Your objective -> The answer must be an exact copy of every entry, with no pictures in it.

Data in this exercise ->
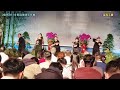 2025.01.10［舞蹈表演］［傘舞］［古典舞］🎵若月亮沒來 🎵金風玉露 🎵toca toca（新店慈濟醫院）_涵予拍攝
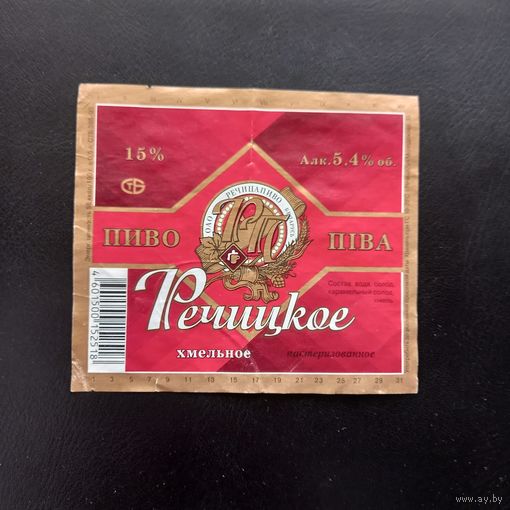 Пивная этикетка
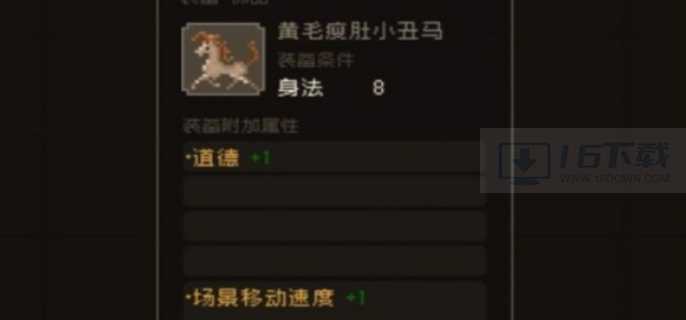 大江湖之苍龙与白鸟一周目怎么过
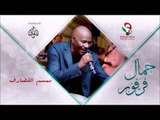 جمال فرفور_  سمسم القضارف /jamal farfoor | اغاني سودانيه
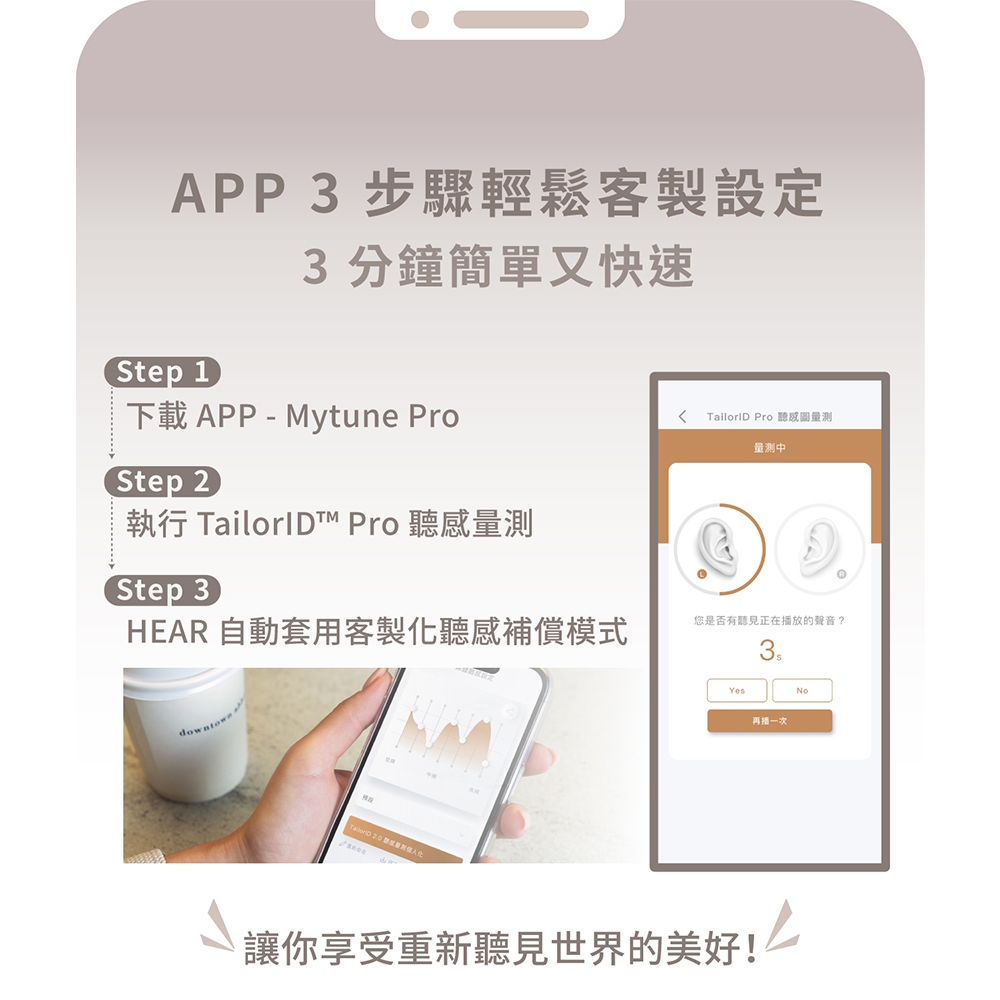 XROUND HEAR AI - 詳情25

Response to the exercise ->
 2025.01.10［舞蹈表演］［傘舞］［古典舞］🎵若月亮沒來 🎵金風玉露 🎵toca toca（新店慈濟醫院）_涵予拍攝
 Пивная этикетка
 大江湖之苍龙与白鸟一周目怎么过
 جمال فرفور_  سمسم القضارف /jamal farfoor | اغاني سودانيه
 XROUND HEAR AI - 詳情25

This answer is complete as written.